Pour Daniel Gremillet, "La relance du nucléaire n’est pas réductible à une loi de simplification ! Si la simplification des procédures est bienvenue, le Gouvernement doit réviser sa stratégie, acter les constructions et prévoir des moyens financiers et humains. C’est pourquoi nous proposons d’abroger les verrous posés à la relance du nucléaire, issus de la loi de Transition énergétique, et d’intégrer cette relance dès la loi quinquennale sur l’énergie, de juillet prochain. Il faut aussi répondre aux risques nouveaux. Aussi suggérons-nous d’inclure la résilience au changement climatique dans la sûreté et la cyber-résilience dans la sécurité.
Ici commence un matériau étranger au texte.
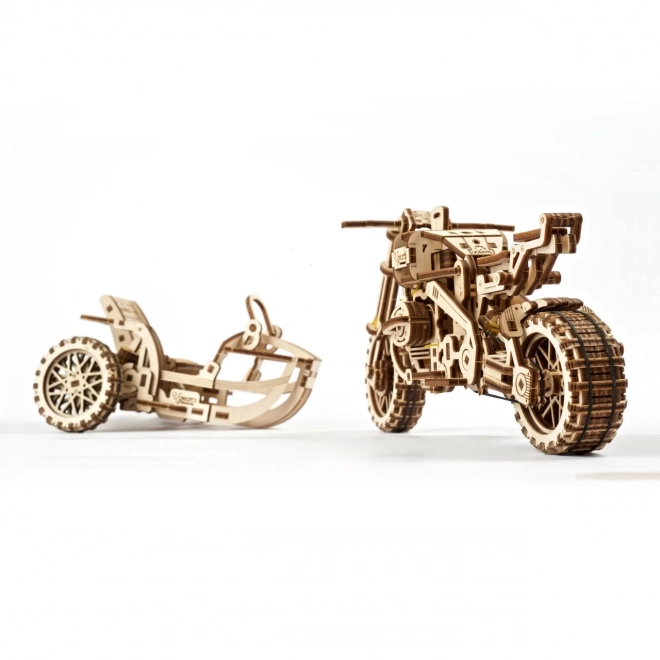 Ugears 3D Wooden Mechanical Puzzle Motorcycle with Sidecar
Il faut enfin prendre en compte l’évolution technologique. À cette fin, nous recommandons de soutenir les SMR, les électrolyseurs d’hydrogène et la fermeture du cycle du combustible, au-delà des EPR2. Ce sont nos propositions législatives, pour un nucléaire plus rapide mais aussi plus sûr, plus propre et plus innovant !".

Pour Sophie Primas, "La politique conduite en matière d’énergie nucléaire souffre de dix ans d’atermoiements, de résignations et de politique politicienne. Or, le nucléaire est une énergie du long-terme, pilotable, non intermittente et bas-carbone. Elle ne s’oppose pas aux énergies renouvelables, elle s’additionne ! C’est la raison pour laquelle je déplore, une fois de plus, la méthode du Gouvernement. Le président de la République a attendu sa seconde campagne présidentielle et le discours de Belfort, l’an dernier, pour amorcer un virage plus favorable à cette énergie. Que de temps perdu ! C’est une faute grave qui perdure depuis 10 ans,alors que l’énergie nucléaire est au fondement de notre souveraineté, de notre compétitivité et de notre transition énergétique !".

La commission des affaires économiques est présidée par Sophie Primas (Les Républicains – Yvelines).

Daniel Gremillet (Les Républicains – Vosges) est président du groupe d’études "Énergie" et rapporteur du projet de loi relatif à l’accélération des procédures liées à la construction de nouvelles installations nucléaires à proximité de sites existants et au fonctionnement des installations existantes.